> **STORED DATA**:
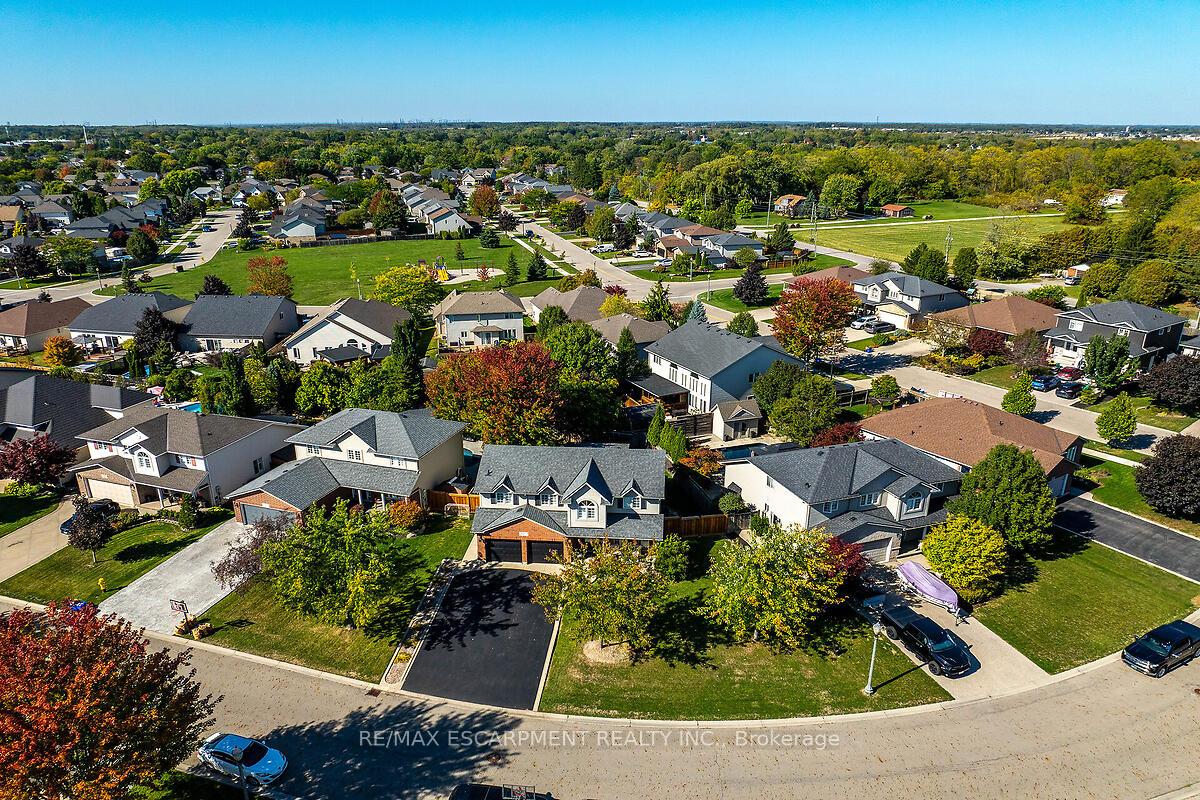Photo 8 of 43 Claymore Crescent, Haldimand — HOMEH
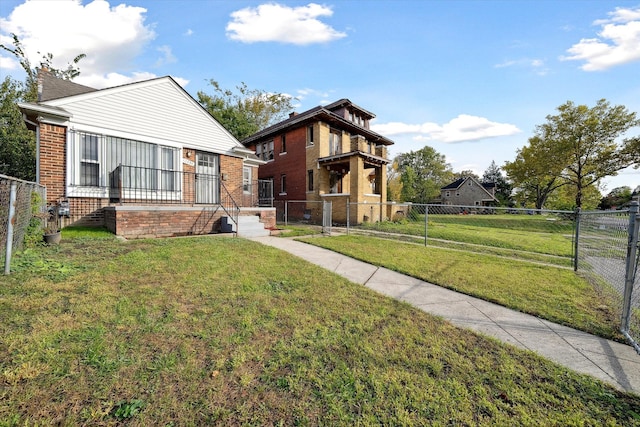 view of front facade with a front lawn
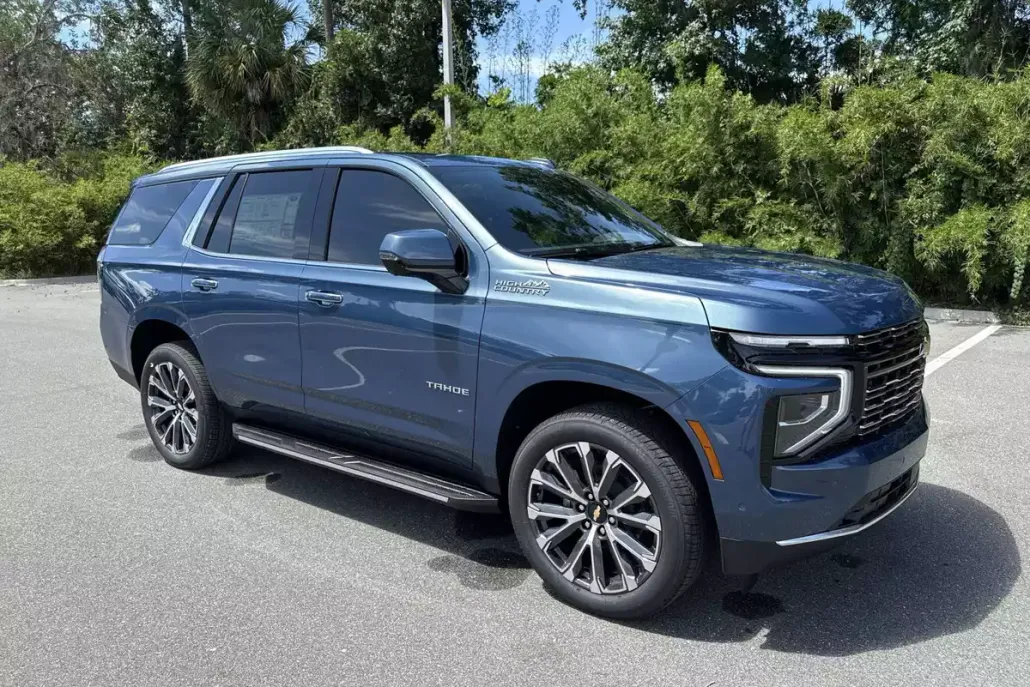 2025 Chevrolet Tahoe High Country photo 1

> **EXERCISE INSTRUCTIONS**: Your copy should begin at the line containing "view of front facade with a front lawn" and end at the last line of the data above, matching each line exactly and holding no pictures.

> **RESPONSE**:
 view of front facade with a front lawn
 2025 Chevrolet Tahoe High Country photo 1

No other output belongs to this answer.